Thursday, August 5, 2010: 1:30 PM-5:00 PM
Blrm BC, David L Lawrence Convention Center
Joshua J. Tewksbury
Nick M. Haddad
Joshua J. Tewksbury
The past century of climate change has resulted in poleward and upward shifts in the geographic distributions of many species. The increasing pace of climate change and presence of widespread barriers to plant and animal movement have led to growing concern that many species will ultimately be unable to keep up with shifting areas of climatic suitability. Scientists and land managers hoping to address this problem are faced with the challenge of adapting a primarily static protected area framework to accommodate increasingly dynamic landscapes. This effort has resulted in a wide range of landscape approaches aiming to promote species range shifts in response to climate change. In many cases these landscape approaches may provide a more effective and less risky alternative to more invasive approaches, such as assisted migration. However, numerous questions remain regarding how landscapes can best be designed to accommodate changes in species distributions: should we add more protected areas, increase the sizes of existing protected areas, or use landscape corridors to link reserves? Should we be targeting areas of high climatic heterogeneity, or protecting those areas predicted to be most resistant to climate change (i.e., climate refugia)? To what degree should we focus conservation efforts on matrix lands, and what kinds of policies will be necessary? This symposium will provide a synthetic evaluation of landscape approaches to conservation in a changing climate, from the processes governing species range shifts under climate change and our current capacity to predict small-scale changes in climate and species distributions, to the range of landscape planning approaches available and their associated policy implications.

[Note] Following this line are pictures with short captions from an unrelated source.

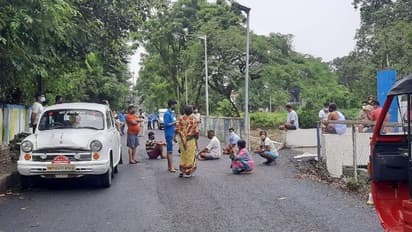 সেফ হোমে 'চরম অব্যবস্থা', পথ অবরোধ করে বিক্ষোভ করোনা আক্রান্তদের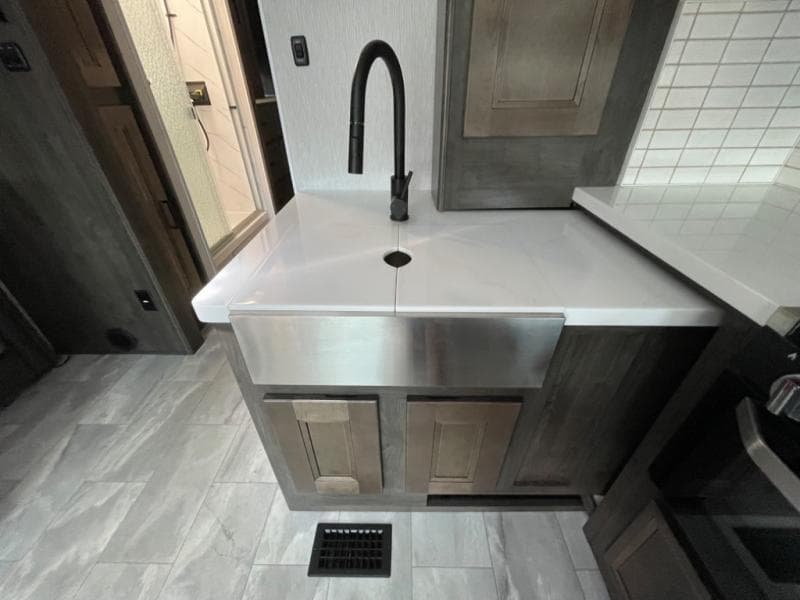 2023 Coachmen 2023 Coachmen Mirada - thumbnail 24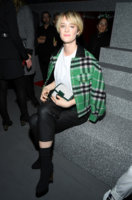 Mackenzie+Davis+Louis+Vuitton+Front+Row+Paris+FtKUYxS0pb1x.jpg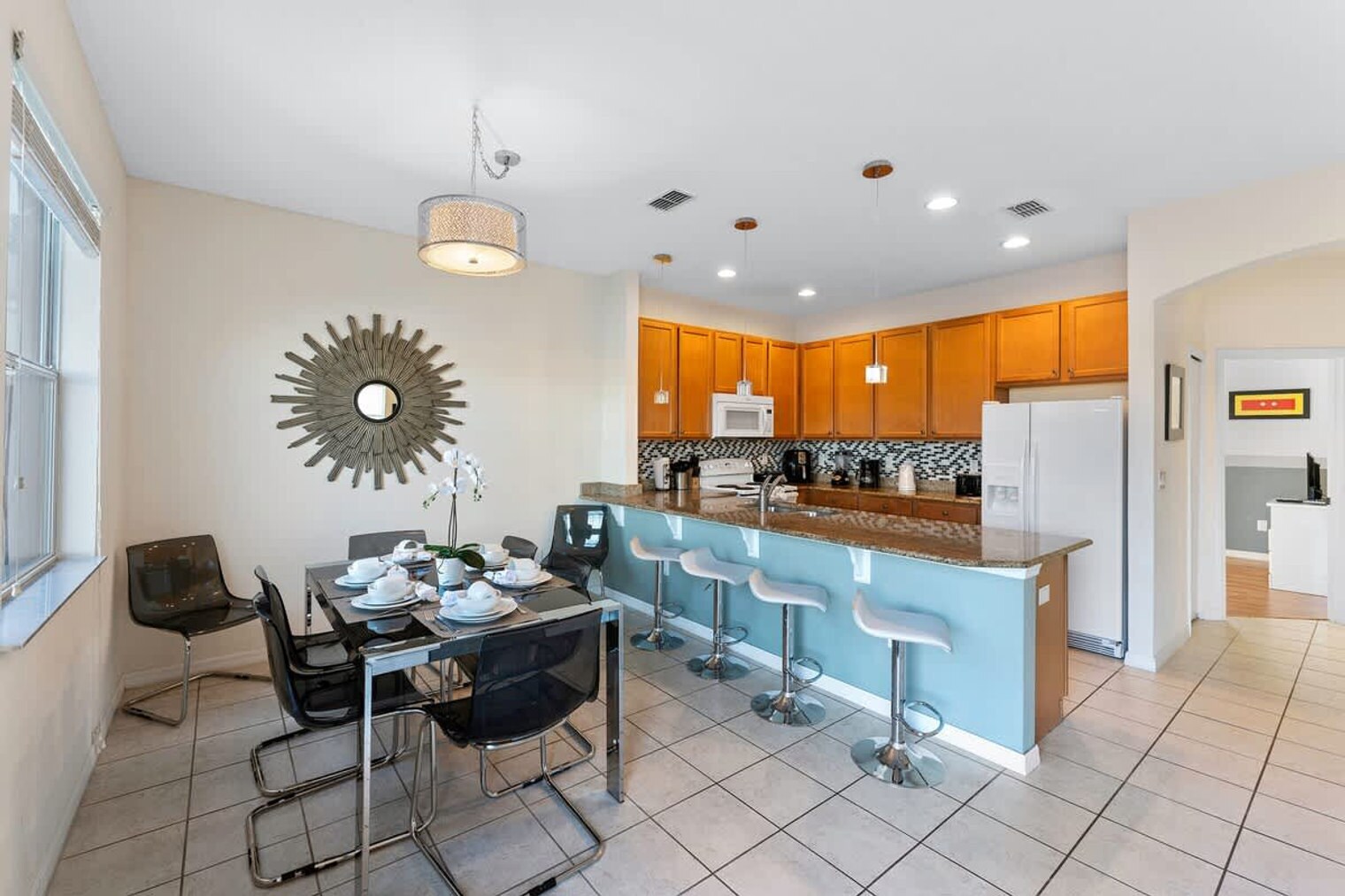 Building Photo - 481 Las Fuentes Dr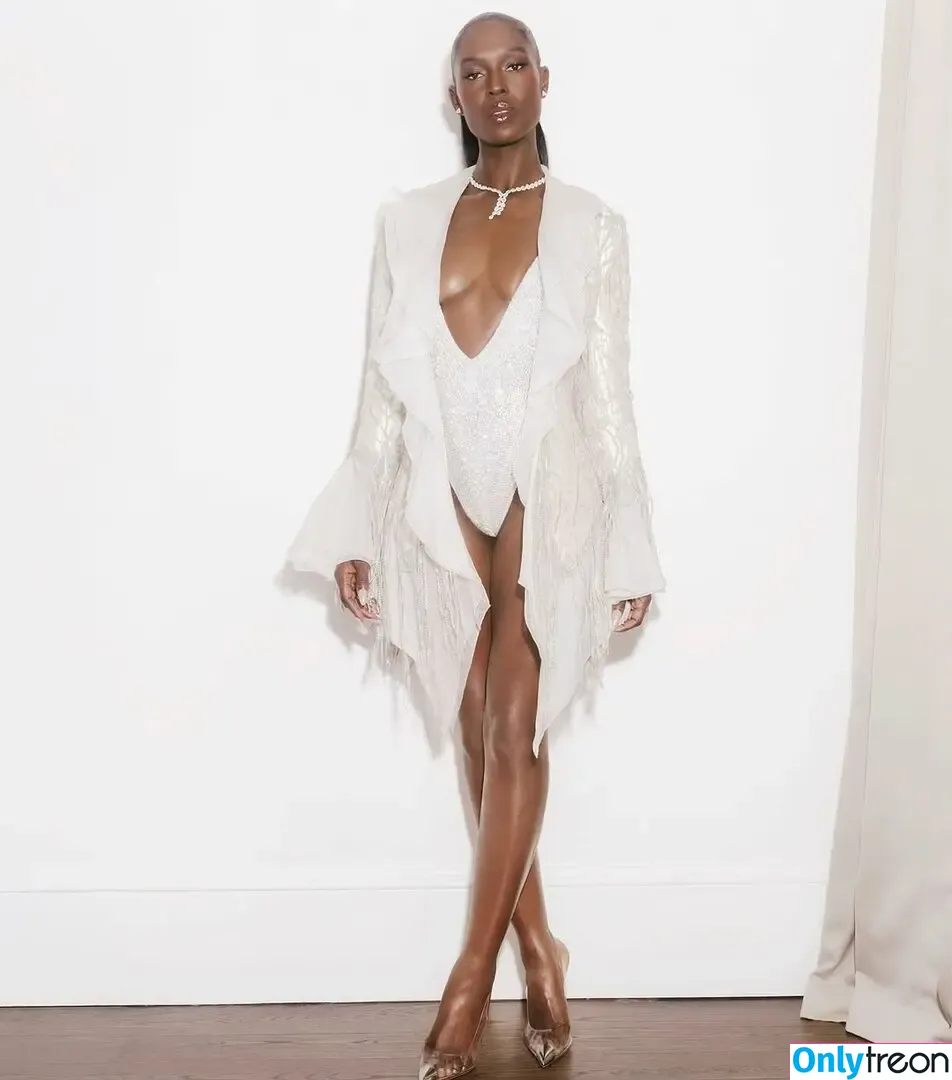 Jodie Turner-Smith голая photo #0190 (jodiesmith)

The format for this symposium is eight, twenty minute talks, concluding with a thirty minute question and answer period to provide additional opportunities for synthesis and audience participation. The first three talks will provide a synthetic introduction to the scientific and applied foundations of the problem, from the primary challenge of managing dynamic landscapes in a static protected area framework, to the pattern and process of species range shifts under climate change, to our technical capacity to predict future shifts. The next four talks will address the variety of landscape approaches being explored to facilitate these shifts, from protected area design to large landscape conservation efforts such as the Yellowstone to Yukon corridor project. The final talk will discuss the policy implications of landscape conservation for a changing climate, including ways to revisit regulatory approaches designed for static climates.